(Data for the task begins)

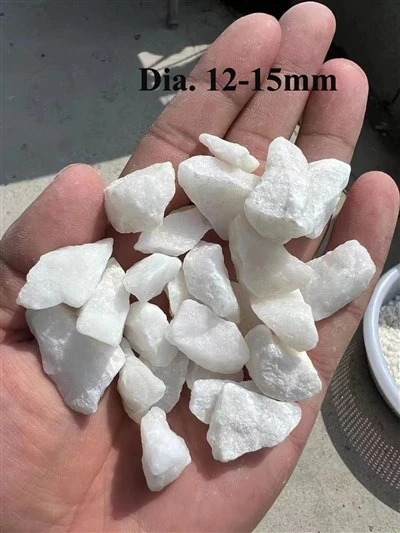 সাদা নুড়ি পাথর
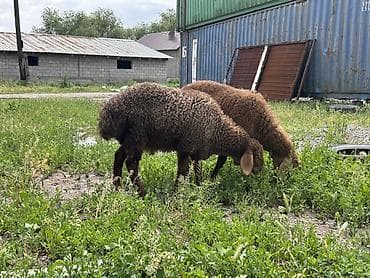 продажа собак в бишкеке: Продаю | Ягненок, Баран (самец) | Арашан | Для разведения — 2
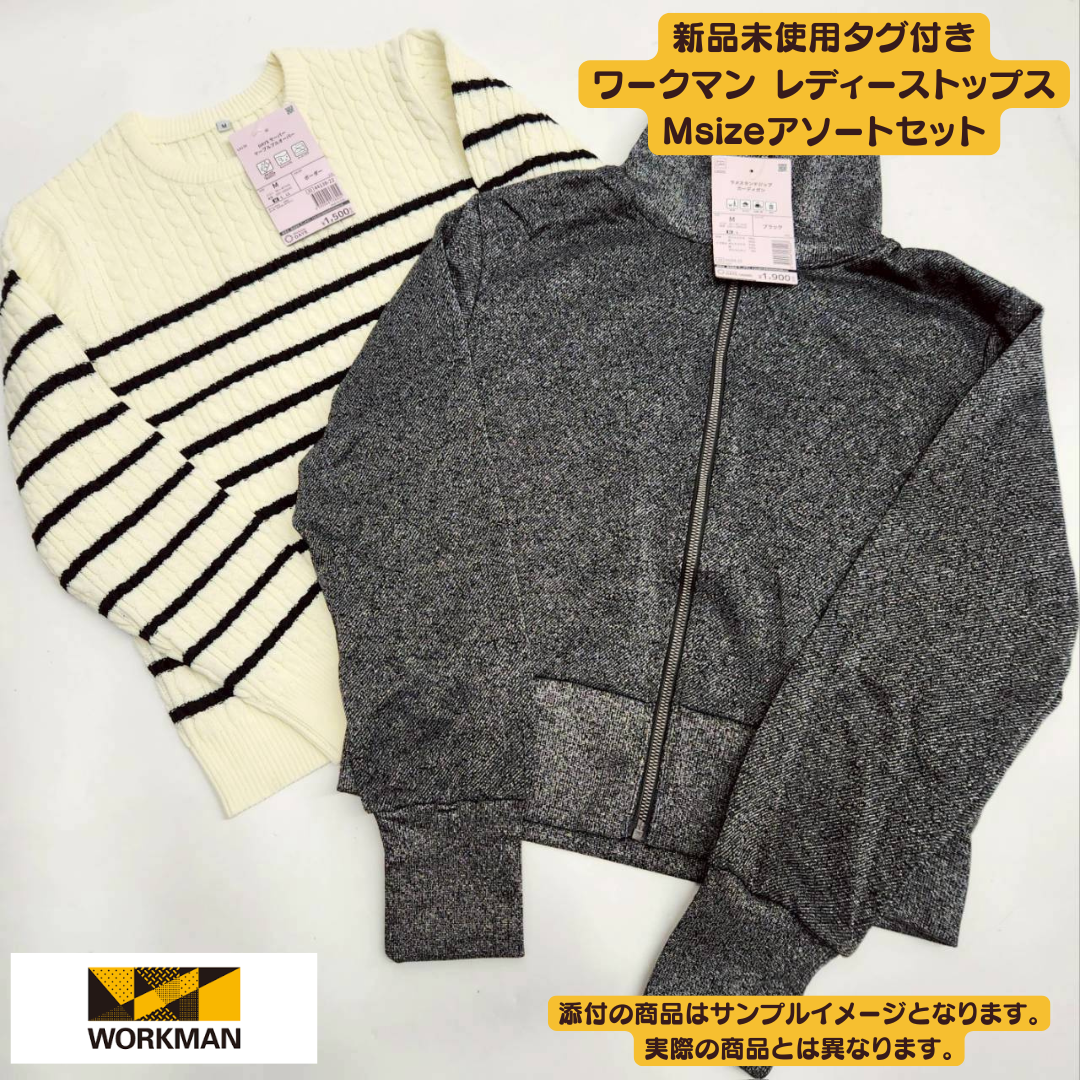 Brand new with tags, Workman Women's Tops, Size M, 10-piece set | Wholesale bulk sale [OLD FLIP]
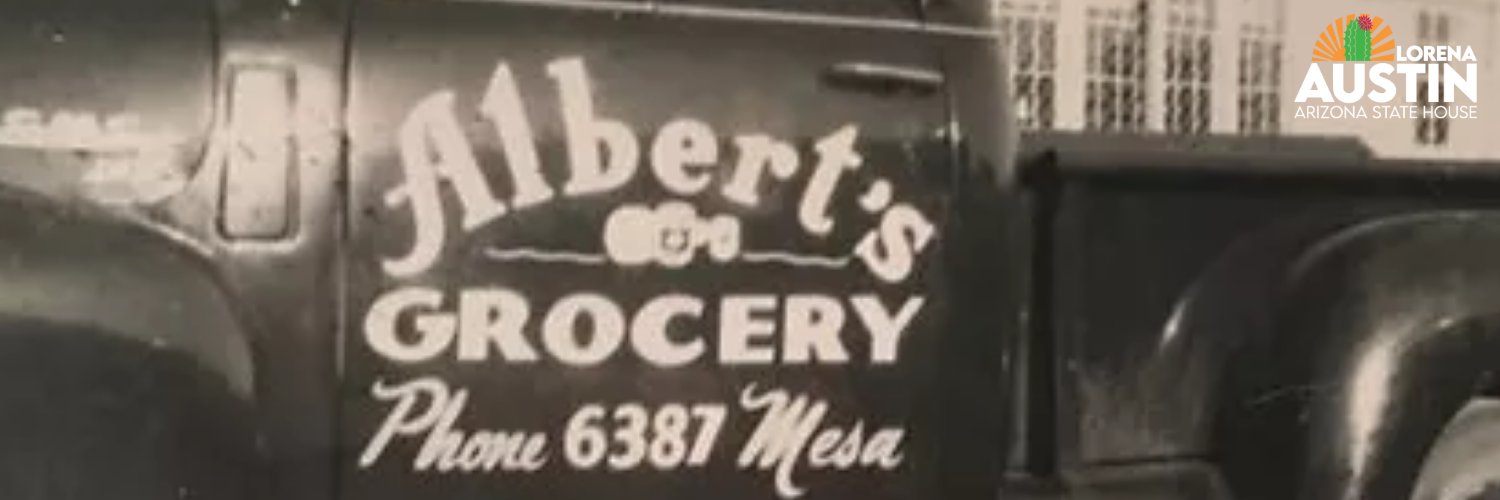 Representative Lorena Austin banner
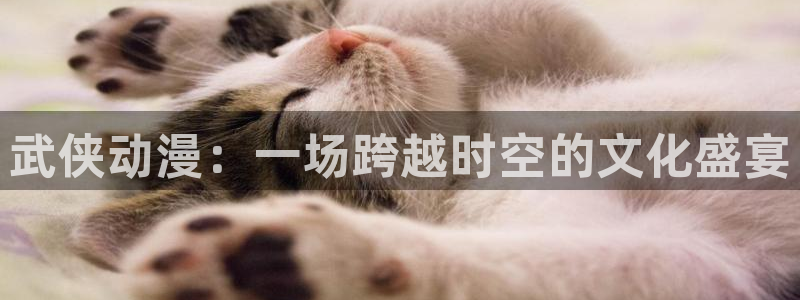 原神动漫天堂免费入口：武侠动漫：一场跨越时空的文化盛宴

(Data for the task ends)

Retype the lines from the one containing "Representative Lorena Austin banner" down to the last line of the records, both included, exactly and nothing more. Pictures stay out.

**Result of the task**
 Representative Lorena Austin banner
 原神动漫天堂免费入口：武侠动漫：一场跨越时空的文化盛宴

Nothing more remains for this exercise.